Crossplane is based on the resource management model of Kubernetes. We use a declarative management approach in which we model workloads and their resources as portable abstractions that capture the user’s desired state, and rely on asynchronous controllers to continuously reconcile desired and observed state. All interactions between clients and controllers go through the same API server, which exposes CRUD operations on persistent objects that are stored in an etcd store.
Resources, Claims, Classes and Pools
Crossplane supports a rich model for managing resources that support a clean separation of concerns between developers or workload-owners that want to consume resources without knowing the details of how they are provisioned and managed, and administrators or infrastructure-owners that want to tightly control the details of the implementation and define policies. This separation of concern enables a higher degree of reusability and portability.

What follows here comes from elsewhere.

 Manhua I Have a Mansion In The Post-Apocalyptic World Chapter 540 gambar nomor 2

In Crossplane, a resource (orange rectangle above) represents an external piece of infrastructure ranging from low level services like clusters and servers, to higher level infrastructure like databases, message queues, buckets, and more. Resources are represented as persistent object within the crossplane, and they typically manage one or more pieces of external infrastructure (green rectangle above) within a cloud provider or cloud offering. For example, the
RDSInstance resource in the crossplane would correspond to an external RDS instance within AWS.

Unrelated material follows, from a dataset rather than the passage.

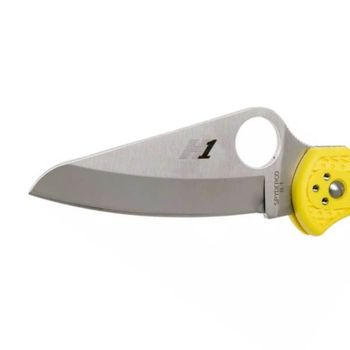 C88PBBK2-Spyderco Salt 2 pocket knife yellow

To support workload portability we expose the concept of a resource claim and a resource class. A resource claim is a persistent object that captures the desired configuration of a resource from the perspective of a workload or application. It’s configuration is cloud-provider and cloud-offering independent and it’s free of implementation and/or environmental details. A resource claim can be thought of as a request for an actual resource and is typically created by a developer or application owner. We use the term “claim” because it also acts as a “claim check” for the actual resource and controls its lifetime. When the “claim” is deleted, the corresponding resource is deleted or reclaimed.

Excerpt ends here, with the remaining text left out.